▸ **YOUR GOAL**
Look through the entries below for the line with "Saudi female engineers, appointed" and the line with "mercedes-benz-glc-2023-19", then give again exactly those two lines and all lines between them, minus the pictures.

───── TASK DATA ─────

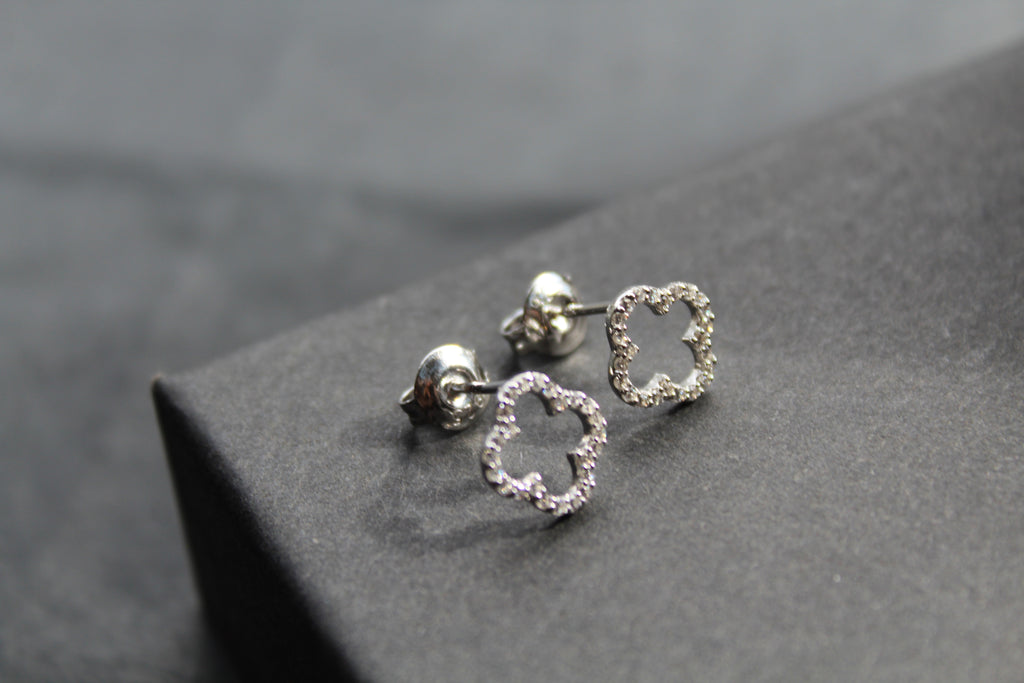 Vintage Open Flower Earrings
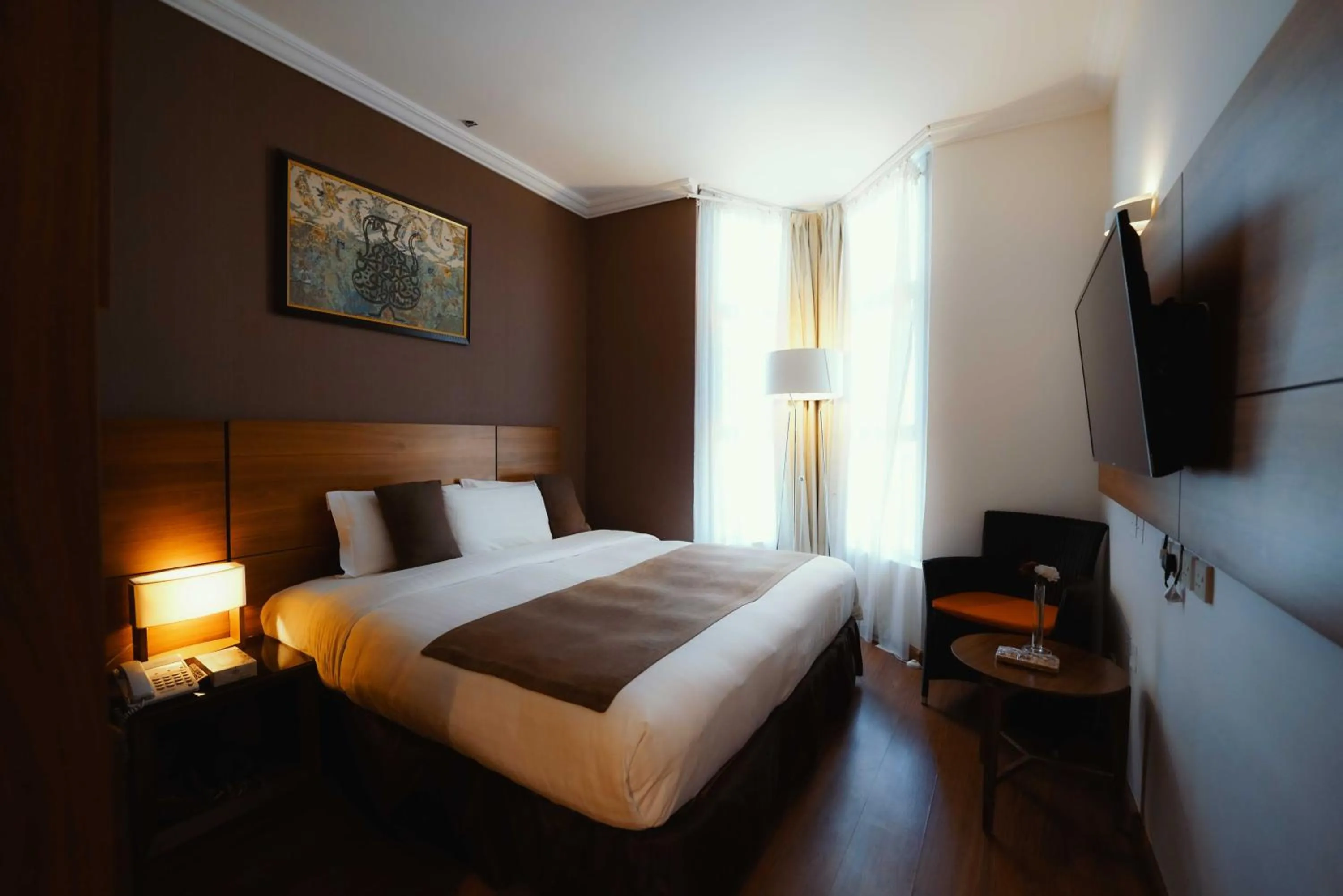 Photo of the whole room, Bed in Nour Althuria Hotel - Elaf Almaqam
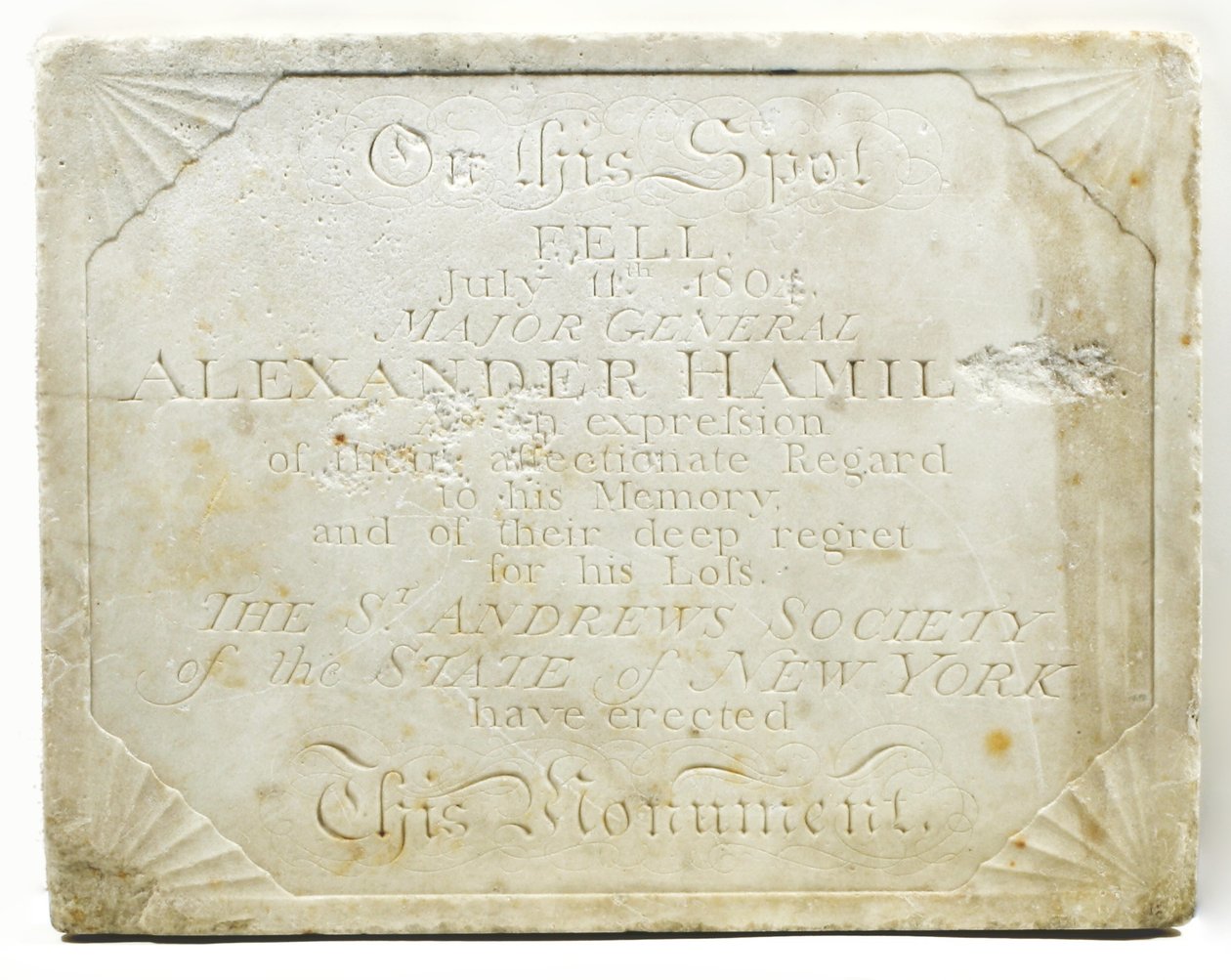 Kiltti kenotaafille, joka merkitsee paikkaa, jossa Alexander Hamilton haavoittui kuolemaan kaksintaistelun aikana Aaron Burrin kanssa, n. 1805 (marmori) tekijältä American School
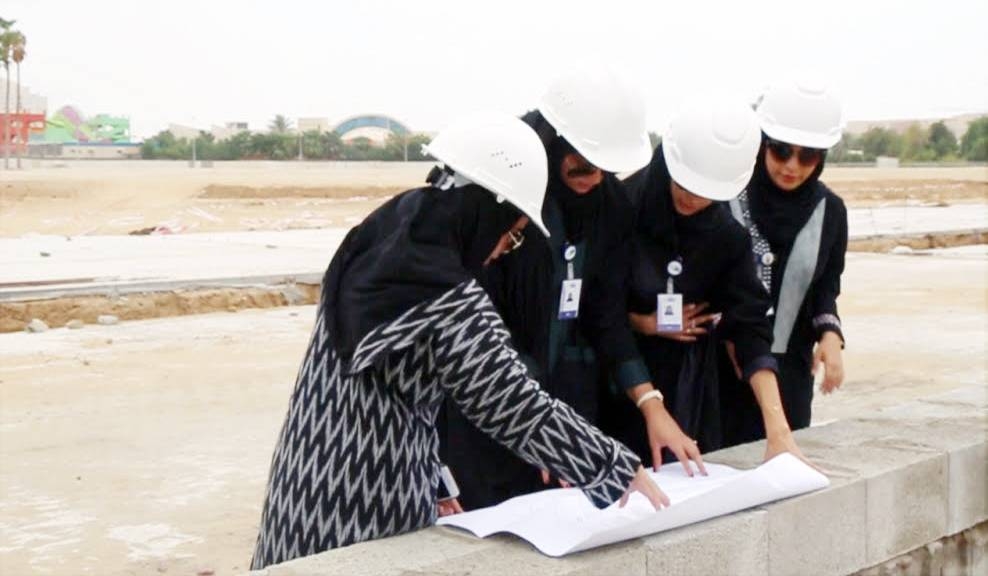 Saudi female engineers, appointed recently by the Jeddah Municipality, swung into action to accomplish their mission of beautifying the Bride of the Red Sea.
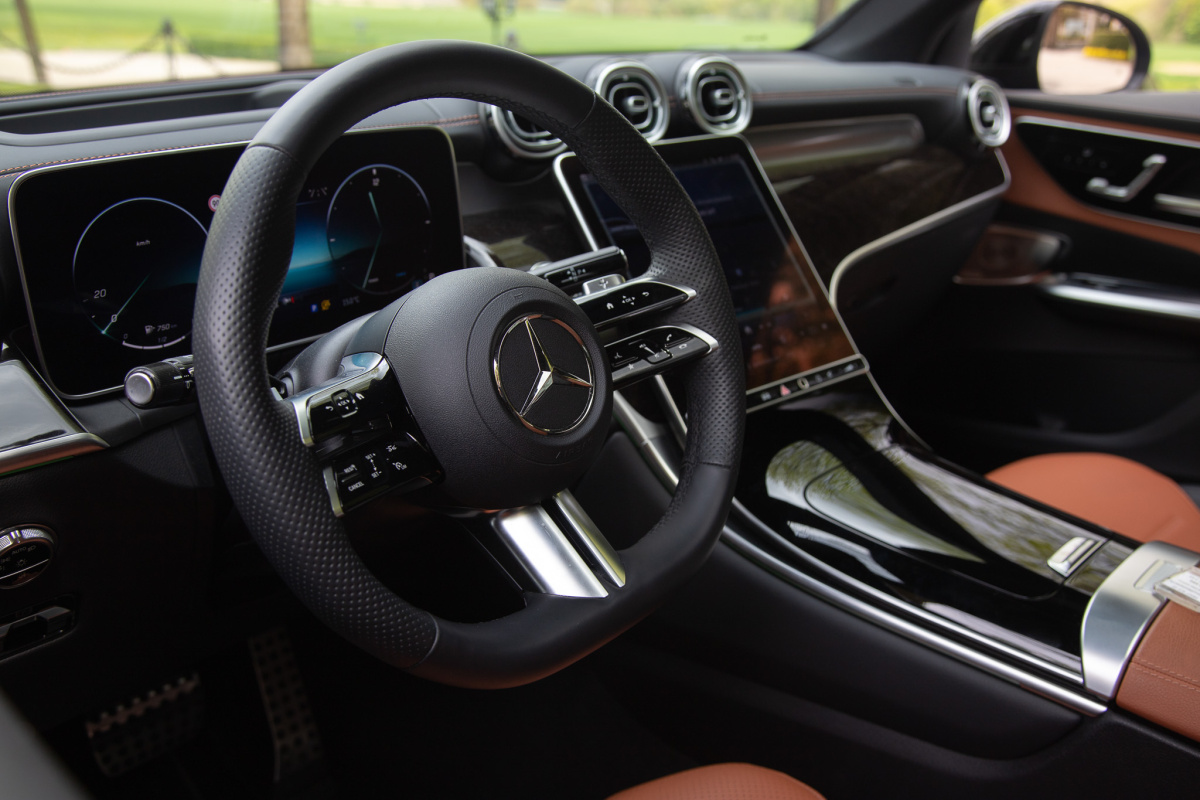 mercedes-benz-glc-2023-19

─────
───── TASK DATA ─────

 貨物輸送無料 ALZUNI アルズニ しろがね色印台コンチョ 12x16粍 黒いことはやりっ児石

─────

▸ **WRITTEN ANSWER**
 Saudi female engineers, appointed recently by the Jeddah Municipality, swung into action to accomplish their mission of beautifying the Bride of the Red Sea.
 mercedes-benz-glc-2023-19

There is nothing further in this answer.